## WORK REQUEST
Output all the data exactly. Pictures do not belong in the copy.

## TASK INPUTS
====

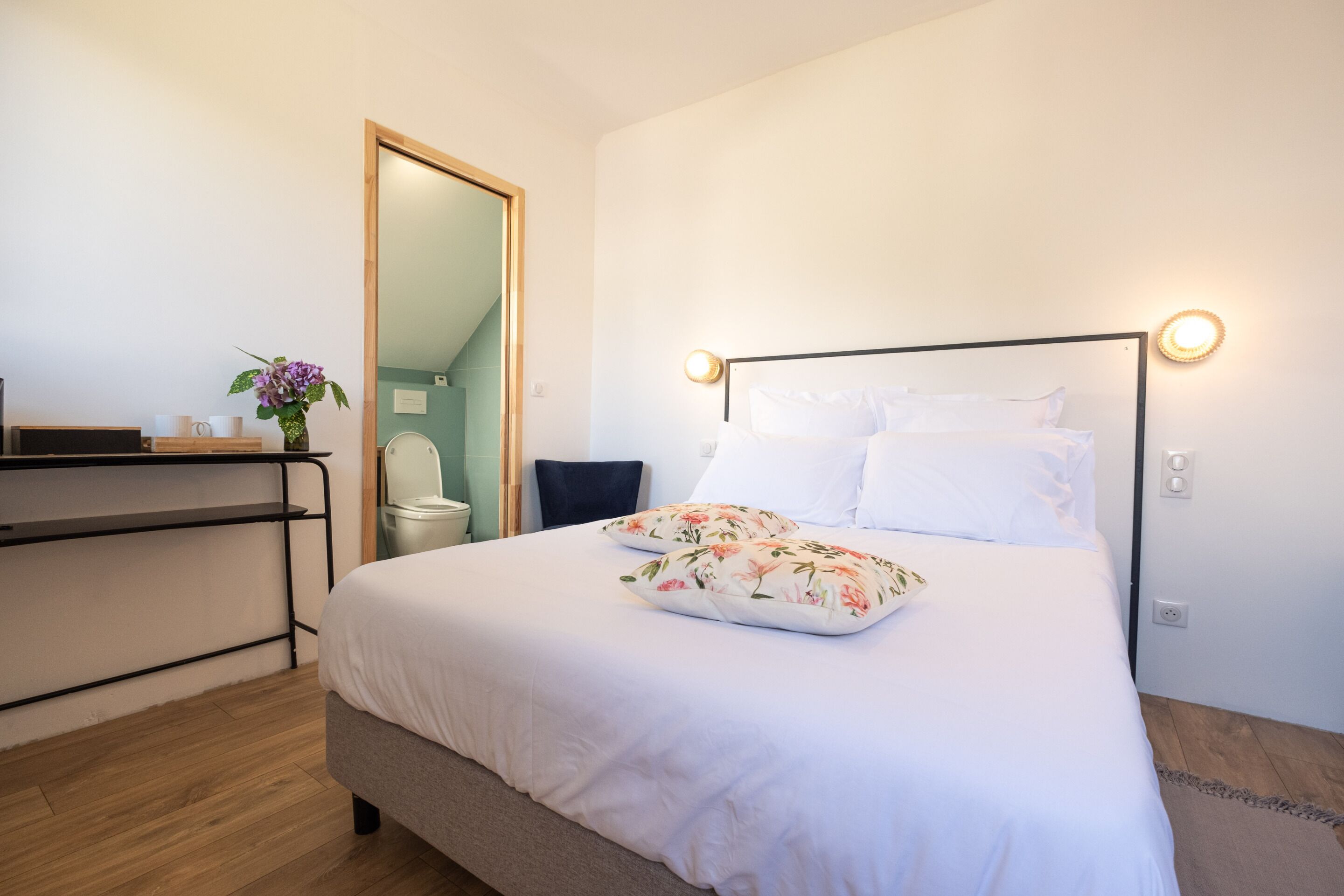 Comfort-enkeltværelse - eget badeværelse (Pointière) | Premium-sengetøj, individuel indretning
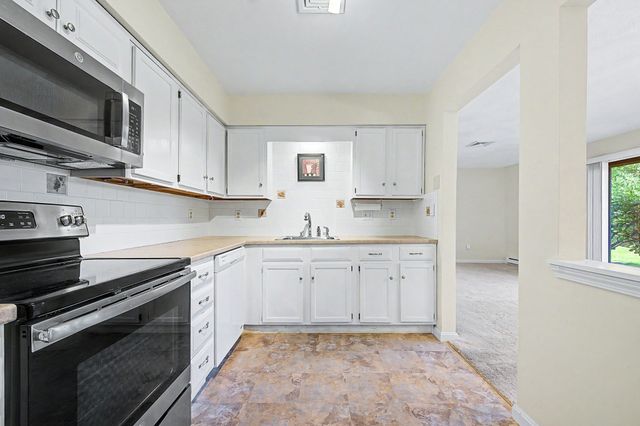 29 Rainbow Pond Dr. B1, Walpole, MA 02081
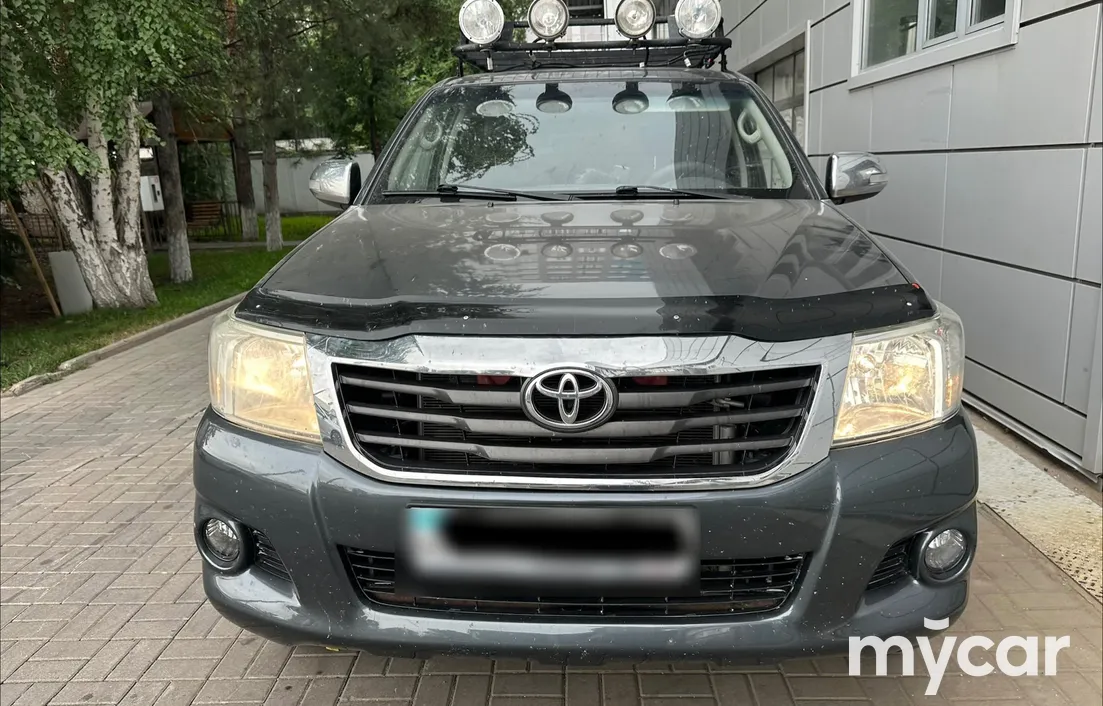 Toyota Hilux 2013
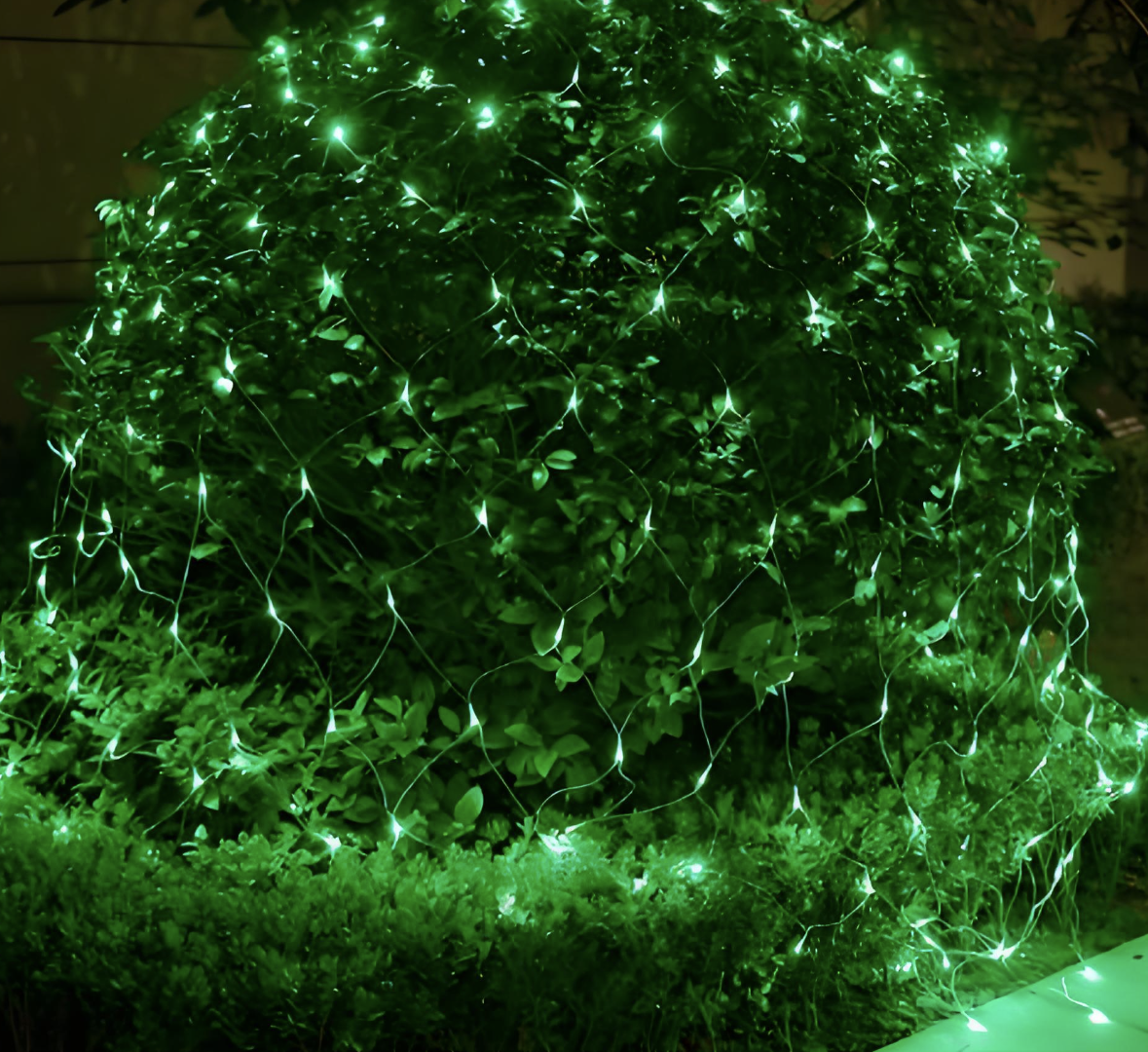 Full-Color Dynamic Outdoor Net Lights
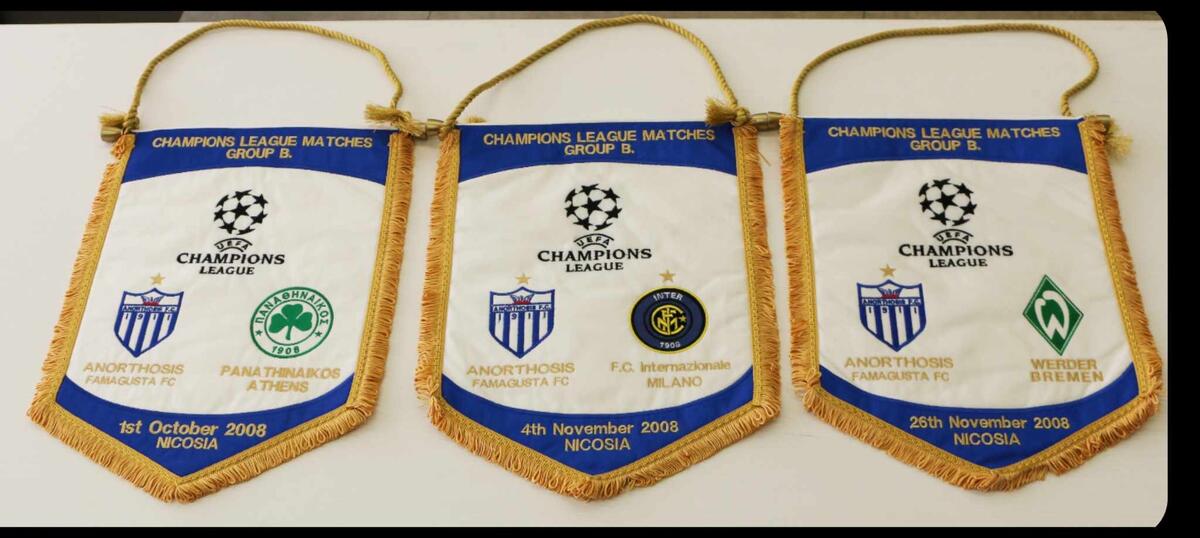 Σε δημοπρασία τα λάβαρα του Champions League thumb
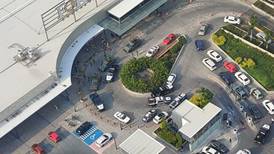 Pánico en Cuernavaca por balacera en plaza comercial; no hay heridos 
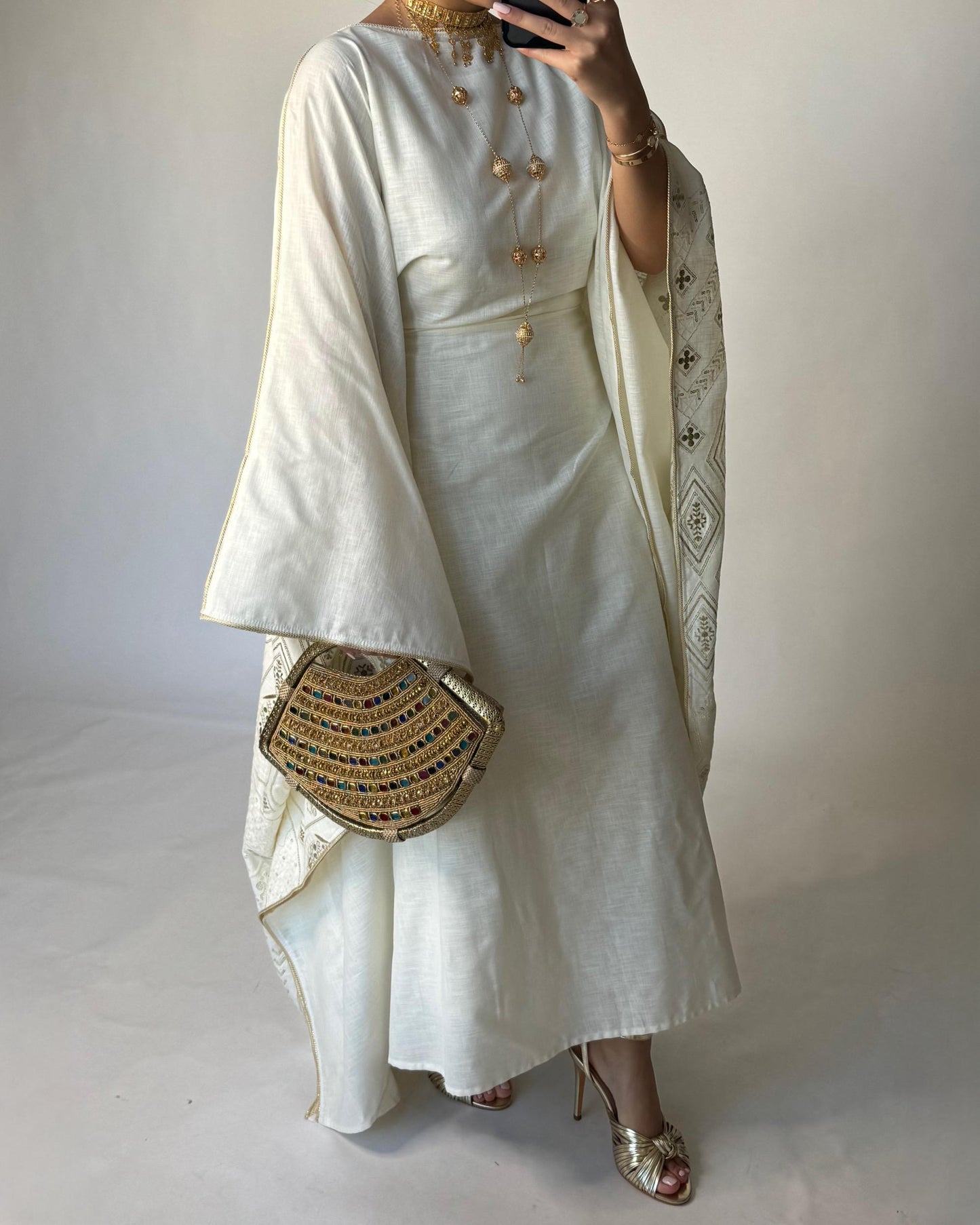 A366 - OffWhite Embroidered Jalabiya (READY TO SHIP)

====

## FINAL ANSWER
 Comfort-enkeltværelse - eget badeværelse (Pointière) | Premium-sengetøj, individuel indretning
 29 Rainbow Pond Dr. B1, Walpole, MA 02081
 Toyota Hilux 2013
 Full-Color Dynamic Outdoor Net Lights
 Σε δημοπρασία τα λάβαρα του Champions League thumb
 Pánico en Cuernavaca por balacera en plaza comercial; no hay heridos 
 A366 - OffWhite Embroidered Jalabiya (READY TO SHIP)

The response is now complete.